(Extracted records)
++++++++++
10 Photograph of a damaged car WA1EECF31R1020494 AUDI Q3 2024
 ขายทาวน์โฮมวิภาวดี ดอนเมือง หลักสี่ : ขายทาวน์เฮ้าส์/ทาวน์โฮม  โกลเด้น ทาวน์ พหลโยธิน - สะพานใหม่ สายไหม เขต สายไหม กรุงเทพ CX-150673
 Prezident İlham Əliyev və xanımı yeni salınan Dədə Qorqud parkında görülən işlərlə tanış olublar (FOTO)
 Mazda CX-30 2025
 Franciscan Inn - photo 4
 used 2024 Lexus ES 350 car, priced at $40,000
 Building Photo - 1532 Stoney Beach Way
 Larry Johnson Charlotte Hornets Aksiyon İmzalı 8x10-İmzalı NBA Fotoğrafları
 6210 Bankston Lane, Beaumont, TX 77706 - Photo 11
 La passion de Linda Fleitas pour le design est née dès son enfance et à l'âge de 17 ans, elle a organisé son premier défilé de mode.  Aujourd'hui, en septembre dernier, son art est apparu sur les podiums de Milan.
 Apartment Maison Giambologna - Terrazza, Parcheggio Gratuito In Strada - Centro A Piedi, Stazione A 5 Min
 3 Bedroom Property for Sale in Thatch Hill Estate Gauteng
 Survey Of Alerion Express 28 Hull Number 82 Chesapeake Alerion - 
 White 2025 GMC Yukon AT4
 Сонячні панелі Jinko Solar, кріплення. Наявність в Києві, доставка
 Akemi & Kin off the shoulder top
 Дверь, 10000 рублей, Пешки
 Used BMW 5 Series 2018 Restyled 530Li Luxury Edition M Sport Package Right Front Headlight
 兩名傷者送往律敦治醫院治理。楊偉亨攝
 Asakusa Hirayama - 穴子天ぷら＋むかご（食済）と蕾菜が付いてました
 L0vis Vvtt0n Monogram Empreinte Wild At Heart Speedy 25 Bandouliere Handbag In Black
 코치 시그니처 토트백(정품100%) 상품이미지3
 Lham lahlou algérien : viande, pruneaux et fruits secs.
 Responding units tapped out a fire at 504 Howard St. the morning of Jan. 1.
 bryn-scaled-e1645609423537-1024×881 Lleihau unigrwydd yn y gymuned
++++++++++
Instructions to follow: What is needed here is every record above, repeated exactly.

Reply to the task:
10 Photograph of a damaged car WA1EECF31R1020494 AUDI Q3 2024
 ขายทาวน์โฮมวิภาวดี ดอนเมือง หลักสี่ : ขายทาวน์เฮ้าส์/ทาวน์โฮม  โกลเด้น ทาวน์ พหลโยธิน - สะพานใหม่ สายไหม เขต สายไหม กรุงเทพ CX-150673
 Prezident İlham Əliyev və xanımı yeni salınan Dədə Qorqud parkında görülən işlərlə tanış olublar (FOTO)
 Mazda CX-30 2025
 Franciscan Inn - photo 4
 used 2024 Lexus ES 350 car, priced at $40,000
 Building Photo - 1532 Stoney Beach Way
 Larry Johnson Charlotte Hornets Aksiyon İmzalı 8x10-İmzalı NBA Fotoğrafları
 6210 Bankston Lane, Beaumont, TX 77706 - Photo 11
 La passion de Linda Fleitas pour le design est née dès son enfance et à l'âge de 17 ans, elle a organisé son premier défilé de mode.  Aujourd'hui, en septembre dernier, son art est apparu sur les podiums de Milan.
 Apartment Maison Giambologna - Terrazza, Parcheggio Gratuito In Strada - Centro A Piedi, Stazione A 5 Min
 3 Bedroom Property for Sale in Thatch Hill Estate Gauteng
 Survey Of Alerion Express 28 Hull Number 82 Chesapeake Alerion - 
 White 2025 GMC Yukon AT4
 Сонячні панелі Jinko Solar, кріплення. Наявність в Києві, доставка
 Akemi & Kin off the shoulder top
 Дверь, 10000 рублей, Пешки
 Used BMW 5 Series 2018 Restyled 530Li Luxury Edition M Sport Package Right Front Headlight
 兩名傷者送往律敦治醫院治理。楊偉亨攝
 Asakusa Hirayama - 穴子天ぷら＋むかご（食済）と蕾菜が付いてました
 L0vis Vvtt0n Monogram Empreinte Wild At Heart Speedy 25 Bandouliere Handbag In Black
 코치 시그니처 토트백(정품100%) 상품이미지3
 Lham lahlou algérien : viande, pruneaux et fruits secs.
 Responding units tapped out a fire at 504 Howard St. the morning of Jan. 1.
 bryn-scaled-e1645609423537-1024×881 Lleihau unigrwydd yn y gymuned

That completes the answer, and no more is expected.